> Exercise details
Copy exactly the lines of the data below that run from the line holding "De Mythe van Chronos: God van de Tijd" through the line holding "Lives in the", both ends included.

> Data to use
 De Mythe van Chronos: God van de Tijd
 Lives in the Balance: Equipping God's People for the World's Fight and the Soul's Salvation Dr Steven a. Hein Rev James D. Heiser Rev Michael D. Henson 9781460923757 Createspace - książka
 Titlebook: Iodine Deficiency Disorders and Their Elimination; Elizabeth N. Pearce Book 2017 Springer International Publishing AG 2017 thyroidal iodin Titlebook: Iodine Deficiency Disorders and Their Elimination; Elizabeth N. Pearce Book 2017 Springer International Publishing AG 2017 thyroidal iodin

--

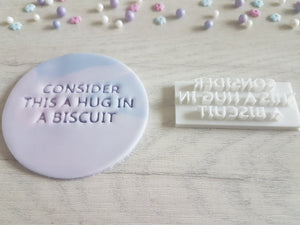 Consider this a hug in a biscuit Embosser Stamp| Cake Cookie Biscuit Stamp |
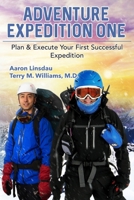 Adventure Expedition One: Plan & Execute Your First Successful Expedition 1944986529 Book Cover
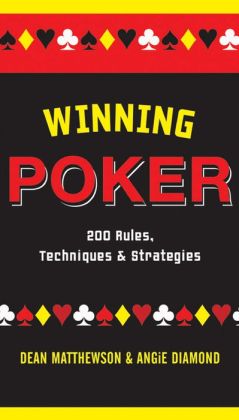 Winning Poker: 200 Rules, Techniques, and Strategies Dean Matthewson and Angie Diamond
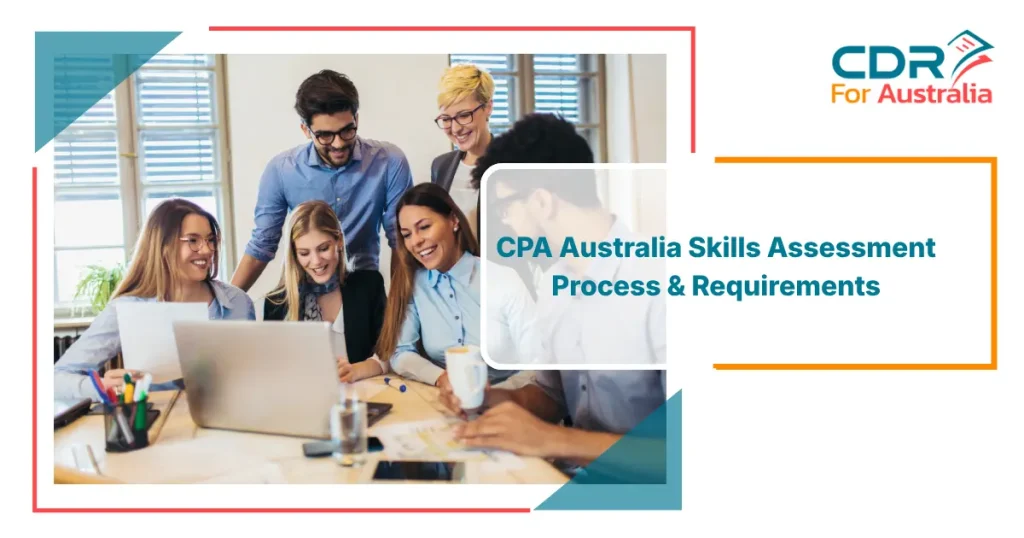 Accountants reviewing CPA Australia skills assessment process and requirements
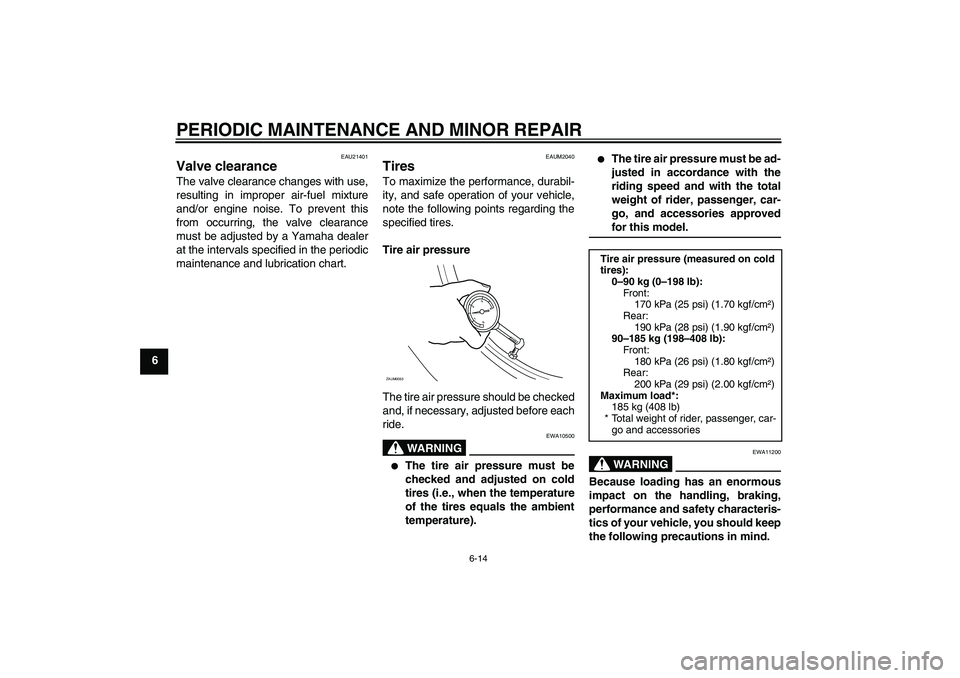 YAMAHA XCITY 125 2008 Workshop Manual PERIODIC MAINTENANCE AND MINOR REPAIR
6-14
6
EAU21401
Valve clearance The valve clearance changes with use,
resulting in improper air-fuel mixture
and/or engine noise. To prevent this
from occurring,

> Expected answer
 De Mythe van Chronos: God van de Tijd
 Lives in the Balance: Equipping God's People for the World's Fight and the Soul's Salvation Dr Steven a. Hein Rev James D. Heiser Rev Michael D. Henson 9781460923757 Createspace - książka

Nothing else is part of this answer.